What is thread starvation?
If you have never come accross the concept of thread starvation, then I would say count yourself lucky. Thread starvation can happen in any multithreaded application. When it happens it can either cause the system to crash immediately or cause the system to come to a crawl and then crash. That being said it usually ends with the system crashing and burning.
In this blog post we will focus on thread starvation in the JVM. Before we explain thread starvation, let's just first explain something, threads take up memory, no object comes for free, each object has an address in memory, and threads are no exception. Depending on the implementation of the JVM the memory allocated for the JVM thread may come off the heap or its own location outside of heap. Now the objects that the thread spawns may come off of the heap (most implementations are like that) but the stack size that the thread has comes from the Xss setting which defines the stack size. Meaning if a thread has a lot of function calls (recursive algorithms are notorious for that) then the result can cause a StackOverFlow exception, meaning the setting is not set large enough. There is a limit for the number of threads a JVM can have but its relatively high. That being said each thread takes memory and the amount of memory we have is finite, meaning theres a defined limit, its just dependent on the application setup (i.e memory settings).
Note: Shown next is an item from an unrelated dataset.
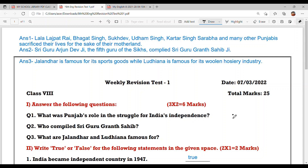Hello everyone, welcome back to Suksham Ma'am Ki Classes. I hope you all are doing great and preparing well for your Term 2 examination. I am sure today the weekly test will be very great. We will be able to get our marks in the comments section, so let's start.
Now that we've had a quick overview of threads and how they exist in the JVM, let's imagine a scenario. Let's say we have an endpoint that is exposed and does not have any caching layers. This is because it returns customized data and the data is different for each user. When we hit the endpoint it runs a SQL query, meaning it makes a network call, waits for the data, parses it and returns it back to the user. Overtime the dataset that the SQL query executes on grows and becomes more expensive. Similarly overtime the customer base grows and acquires more customers meaning more requests to the endpoint. The endpoint is not optimized for the amount of requests that are coming in and the SQL query is not optimized for the amount of data that is being queried. This means that the endpoint is taking longer to respond to the requests and the threads are waiting for the data to come back. This is where thread starvation comes in, the threads are waiting for the data to come back and the threads are not being released. Now we are starting to develop a serious problem. We are chewing up all of our memory and the system is starting to slow down. Now that we understand how it could happen, let's discuss how to identify the scenario.
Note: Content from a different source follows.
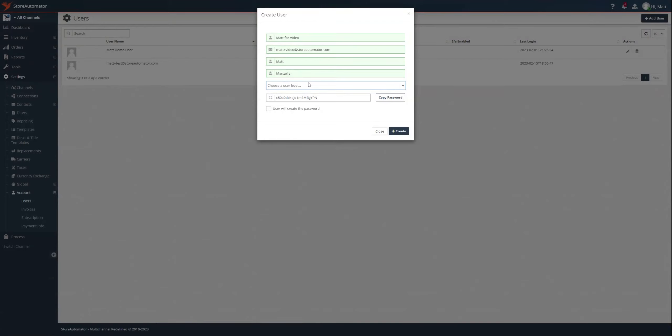And for user level, this is just going to be a normal user, so I'm going to select normal. You can also select low if it's someone you want to have less access, and we'll go over individual user permissions in a future video.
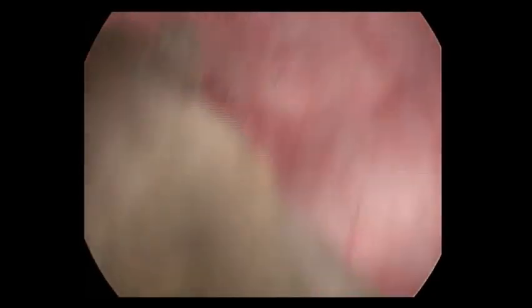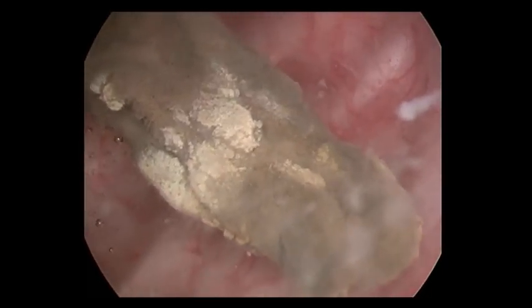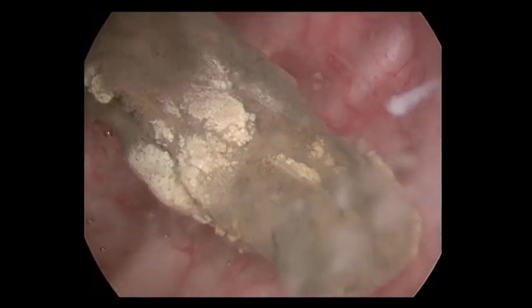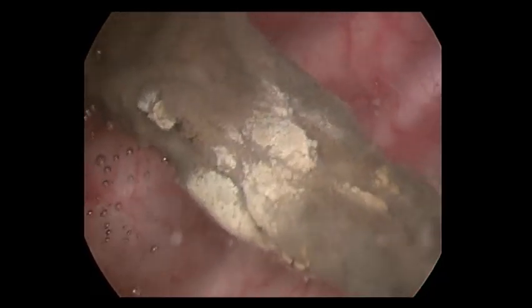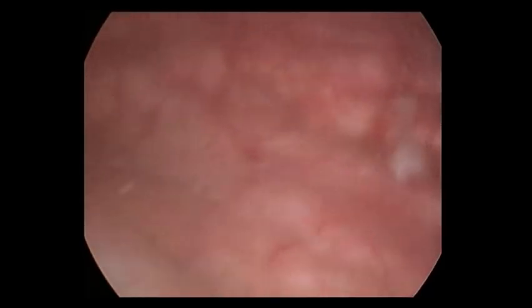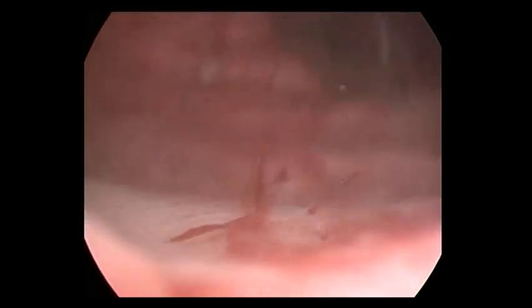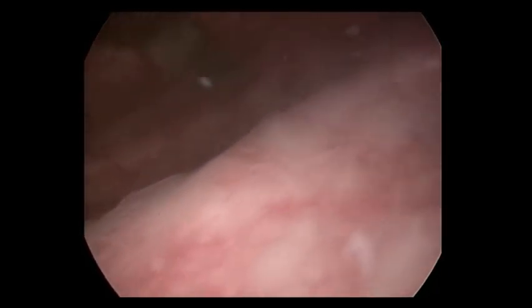The tubular bladder calculus with secondary deposition is visible. There are trabeculations present. This is the right ureterovesical opening, the trigonal ridge, and the left ureterovesical opening.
As an engineer how would you identify that thread starvation is happening in your JVM? The easiest way I know of doing so is by capturing a set of thread dumps, I like to do 1 to 2 second intervals over 60 seconds. This gives you a minute window overview of what is happening inside of your JVM. Tools such as jstack is very useful for capturing such thread dumps. Then take all the thread dumps, unzip them and open all of them in your favorite text editor. Start by reviewing the first thread dump, the one at time 1 second. What you are looking for is a thread that typically has a deep stack trace and is WAITING or RUNNABLE but performing some low level operation. Meaning, its either performing a transaction such as running a query, making a network call, manipulating a dataset. Now if you find that capture the thread id and search your entire set of thread dumps for that thread id and if you see it accross all your thread dumps then you have a slow thread. Thats the first step in identifiying that you have thread starvation. The last thing you need to identify, go back to thread dump at time 1 second, ask yourself this, how many threads do you have? If its high hundreds you are definitely in the red zone, most likely the most promonent thread is your slow thread. Meaning you most likely have a large set of these threads lingering taking up memory. Eventually the JVM will run out of memory, crash and burn and the customers will start getting a 502 Gateway Timeout.
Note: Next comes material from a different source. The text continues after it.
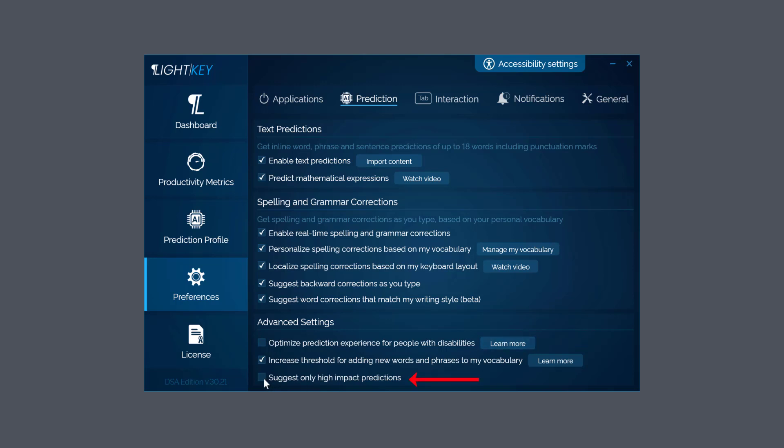Now what this software does as you type, it tries to predict the next word and it learns using artificial intelligence because it can also learn phrases and sentences as you type. So you can hear them read back to you as you're working or see them visually, then click the shortcut key to enable in your document and it speeds up your workflow.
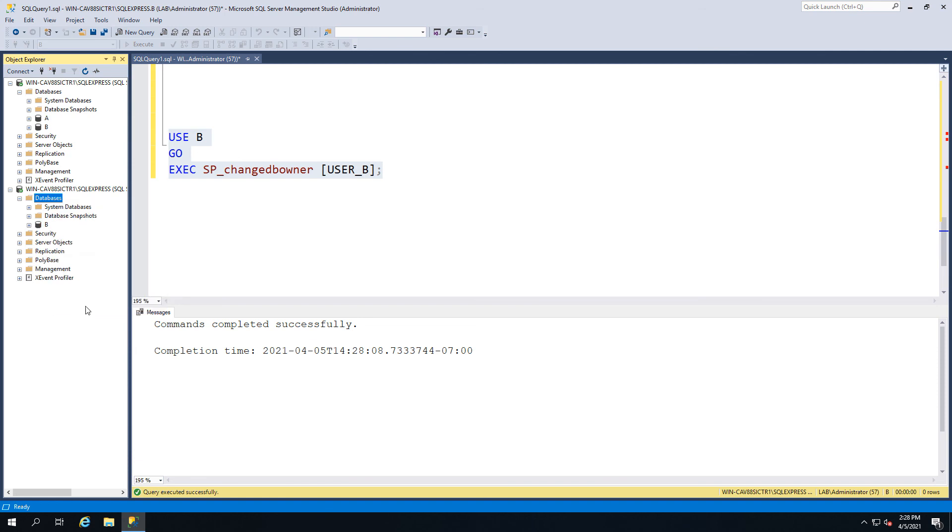And if I go here and hit refresh, because we're logged in as user B, lo and behold we can now see database B.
How do you fix it? The answer is its not straight forward, I mean you can go down the easy route and throw money at it and just add more memory but its not solving the problem. What you need to do is ask yourself, am I using the correct topology, can I alter my SQL query to be more efficient, can I cache the data, can I optimize the endpoint to be more efficient. These are the questions you need to ask yourself. The answer is not always easy but its the right way to go about it. Remember, thread starvation is a symptom of a larger problem, its not the problem itself.
There are various architectures that exist, most CMS systems have caching layers, which prevent many requests from hitting the endpoint. This prevents all of these threads from being spawned and waiting for the data to come back. Other systems use queuing and they only run X jobs at a time and the rest are queued up (spoiler this will be the topic for my next blog post). The point is, there are many ways to solve the problem, you just need to find the right one for your application.